Lundi soir à Varna la rencontre des leaders UE-Turquie a donné, en l’espace de deux heures, la réponse à des attentes de deux mois, à des propositions et à des réserves. Les suppositions selon lesquelles la rencontre pouvait ne pas avoir lieu en raison des contradictions existant entre les parties concernées ne se sont pas réalisées. Le seul et unique objectif que le premier ministre Borissov se posait en sa qualité d’initiateur de la rencontre et qui était d’assurer la prorogation de l’accord entre l’UE et la Turquie sur la migration avait cependant été atteint. Le président du Conseil de l’UE Donald Tusk a reconnu que la rencontre de Varna ne s’était pas soldée par des décisions et des compromis mais les participants à la rencontre ont toutefois laissé entendre que malgré les sérieux différends, le dialogue allait se poursuivre. Mais ceci, dans une situation toujours difficile et contradictoire. Au départ de Varna, le président Recep Tayyip Erdoğan a déclaré à Istanbul que la Turquie était intéressée par la poursuite des négociations d’adhésion à l’UE, Jean-Claude Juncker se déclarant pour sa part catégoriquement contre la suspension de ces dernières. Il s’est de plus porté garant que ces négociations allaient se poursuivre. La déclaration de Juncker témoigne des litiges intérieurs existant au sein de l’UE sur le sujet, compte tenu de la récente position émise par le chancelier autrichien Sebastian Kurz à Sofia. Selon lui, à ce jour la Turquie ne répondait pas aux critères requis lui permettant d’être en rapports de négociations avec l’UE.

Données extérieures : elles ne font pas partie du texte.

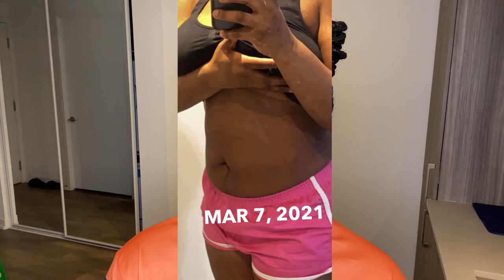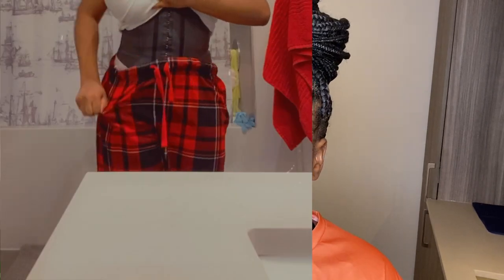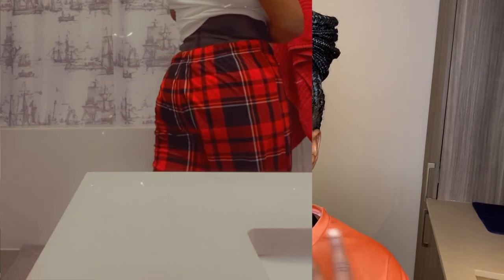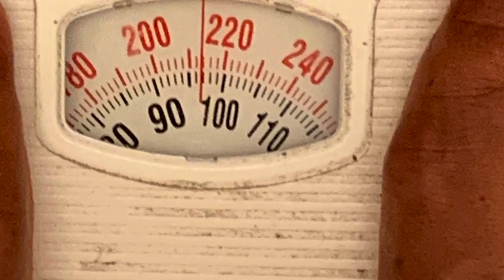I'm also going to include pictures so you guys can see my progress. If you do not know what waist training is, there are a lot of videos on YouTube that explain it in depth. I'm just going to share exactly what I did. As of October 2020, I started my weight loss officially. I currently weigh 167 pounds — I started off at 220 pounds, and right now we're in March.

Le Président Erdogan a, lui aussi, formulé quelques prétentions difficiles à satisfaire. Pour que le futur développement des relations UE-Turquie soit fructueux, Ankara s’attendra à ce que se libéralise le plus tôt possible le régime des visas de l’Union européenne à l’égard des ressortissants turcs. La Turquie s’attendra également à ce que l’UE non seulement suspende ses critiques à son égard au sujet de certains actes terroristes perpétrés en dehors de ses frontières, mais au contraire, à ce qu’elle lui accord une assistance plus forte dans cette direction.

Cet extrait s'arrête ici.